Python API#
This page provides detailed documentation for the tszip
Python API.
Usage example#
Tszip can be used directly in Python to provide seamless compression and decompression of tree sequences files. Here, we run an msprime simulation and write the output to a .trees.tsz
file:
import msprime
import tszip
ts = msprime.simulate(10, random_seed=1)
tszip.compress(ts, "simulation.trees.tsz")
# Later, we load the same tree sequence from the compressed file.
ts = tszip.decompress("simulation.trees.tsz")
# Or use open, which works for both compressed and uncompressed files.
ts = tszip.load("simulation.trees.tsz")
Note
For very small simulations like this example, the tszip file may be larger than the original uncompressed file.
API#
- tszip.load(path)[source]#
Open a tszip or normal tskit file. This is a convenience function that determines if the file needs to be decompressed or not, returning the tree sequence instance in either case.
- Parameters:
path (str) – The location of the tszip compressed file or standard tskit file to load.
- Return type:
- Returns:
A
tskit.TreeSequence
instance corresponding to the specified file.

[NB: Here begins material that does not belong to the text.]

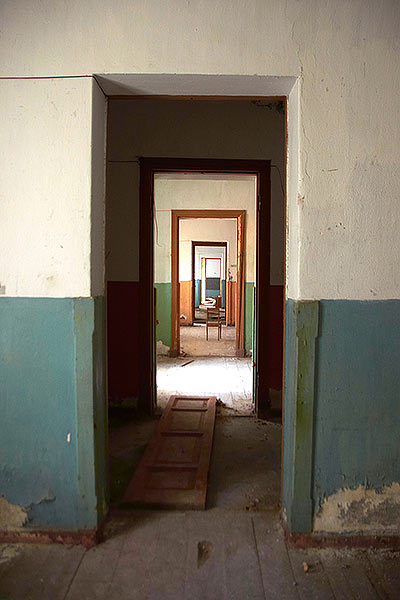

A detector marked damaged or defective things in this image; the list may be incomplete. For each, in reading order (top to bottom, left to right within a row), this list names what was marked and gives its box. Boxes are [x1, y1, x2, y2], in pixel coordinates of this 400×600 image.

peeling paint [0, 496, 28, 528]
peeling paint [316, 486, 400, 532]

- tszip.compress(ts, destination, variants_only=False)[source]#
Compresses the specified tree sequence and writes it to the specified path or file-like object. By default, fully lossless compression is used so that tree sequences are identical before and after compression. By specifying the
variants_only
option, a lossy compression can be used, which discards any information that is not needed to represent the variants (which are stored losslessly).- Parameters:
ts (tskit.TreeSequence) – The input tree sequence.
destination (str) – The string,
pathlib.Path
or file-like object we should write the compressed file to.variants_only (bool) – If True, discard all information not necessary to represent the variants in the input file.
- tszip.decompress(path)[source]#
Decompresses the tszip compressed file and returns a tskit tree sequence instance.
- Parameters:
path (str) – The location of the tszip compressed file to load.
- Return type:
- Returns:
A
tskit.TreeSequence
instance corresponding to the the specified file.